E2 inhibits antiestrogen-mediated induction of NAD(P)H:quinone oxidoreductase enzyme activity in MCF-7 cells. MCF-7 cells were treated with different concentrations of TOT and ICI or with 10−5 M TBHQ with or without E2 at the concentrations indicated. Cells were harvested after 4 days of treatment. Cytosolic extracts were assayed for QR activity as described. A similar extent of inhibition of QR activity by TOT and ICI was observed with 10−6 M and 10−7 M E2, and therefore only 10−6 M and 10−8 M E2 data are shown. Values are the means ± SE from three separate experiments.

Induction of EpRE Enhancer Activity in 231 Breast Cancer Cells.

To examine more definitively the role of the ER in the antiestrogen-mediated induction, an ER-negative breast cancer cell line, MDA-MB-231, was used. Since regulation of the QR gene, as well as other genes involved in detoxification such as the GST Ya gene, is known to be mediated through ARE or EpRE (14, 15), we used reporter constructs containing the EpRE enhancer region. Cells were transfected with a p41–284GstYa-GH reporter construct (with the 41-bp EpRE-containing 5′ upstream region from the murine GST Ya gene and its homologous promoter fused to the human growth hormone structural sequences) in the absence or presence of an expression vector for the wild-type ER or for mutant forms of the ER lacking DNA binding ability (ERDBDmut) or transcriptional activity (ERS554fs).

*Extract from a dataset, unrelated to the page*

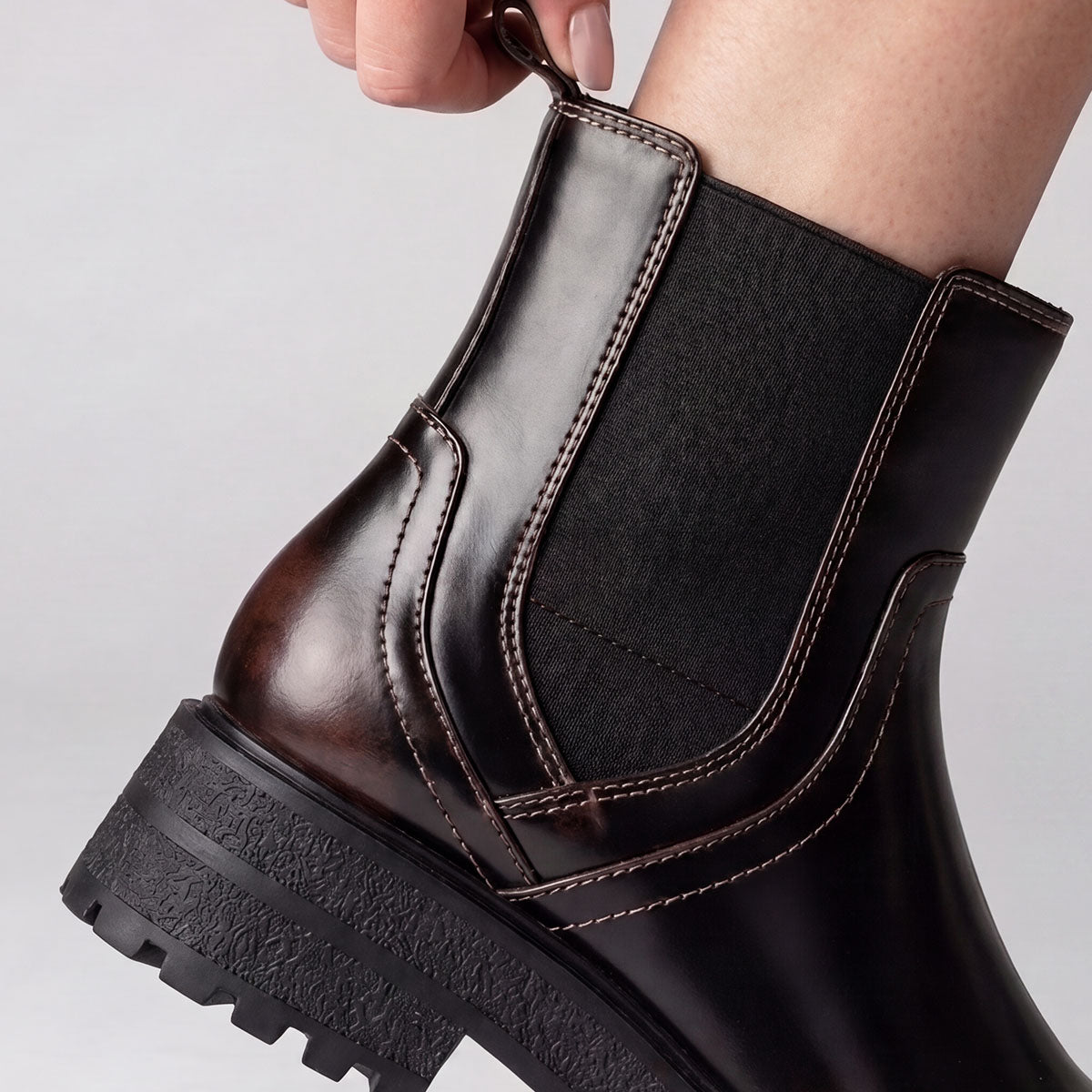 Close-up of the rear pull tab being used to pull on a black Chelsea boot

A significant increase in transcriptional activity of the EpRE-containing reporter construct in the presence of TOT was observed in 231 cells only when cells were cotransfected with an expression vector for the wild-type ER (Fig. 4). Cells transfected with the empty control pCMV vector (Fig. 4 Right), lacking the ER cDNA, did not show an increase in GH production in response to antiestrogen. Maximal induction of GH production by antiestrogens was comparable to that evoked by TBHQ. Of note, however, TBHQ stimulation of the reporter gene construct did not require the ER and was equally robust in the presence or absence of ER. Consistent with the lack of any significant increase in QR enzyme activity in the presence of E2 in MCF-7 cells (Fig. 2), no increase in the transcriptional activity of EpRE-containing constructs was observed with E2. Rather, TOT-mediated induction of EpRE-reporter transcriptional activity was repressed in the presence of E2, consistent with an important role for the ER in the antiestrogen-mediated activation. E2, by presumably binding to the ER in a manner competitive with antiestrogen, inhibited the TOT-mediated increase in transcriptional activity. Antiestrogen-mediated transcriptional activation was not observed with an ER DNA binding mutant, which lacks most (amino acids 185–251) of the ER DNA binding domain and therefore does not bind to DNA, suggesting the requirement for an interaction of the ER either directly with DNA elements within the 41-bp EpRE-containing region or with an ERE-containing gene, whose stimulation is required for production of/or regulation of a protein factor that directly binds to the EpRE-containing enhancer region and is responsible for the antiestrogen stimulation. Likewise, a transcriptionally inactive ER (S554fs), which binds antiestrogen but lacks activation function-2 activity (19), failed to stimulate EpRE reporter gene transactivation providing further evidence that functional ER is required (Fig. 4).

Figure 4.

Figure 4

Antiestrogen induction of EpRE-GstYa-GH reporter gene activity in 231 breast cancer cells is mediated by the ER. 231 cells were transfected with the p41–284GstYa-GH reporter construct along with an expression vector for the wild-type human ER, an expression vector for a DNA binding mutant of the ER (ERDBDmut, missing amino acids 185–251), an expression vector for a mutant ER that lacks activation function-2 activity (ERS554fs), or the empty expression vector missing the ER cDNA (pCMV). The cells were also transfected with a β-gal internal control reporter to correct for transfection efficiency. Cells were then treated for 48 hr with varying concentrations of TOT, E2, or TBHQ as indicated. Media were collected for measurement of GH levels as described. The cells were then harvested for measurement of β-gal activity. Values are the means ± SE from three separate experiments.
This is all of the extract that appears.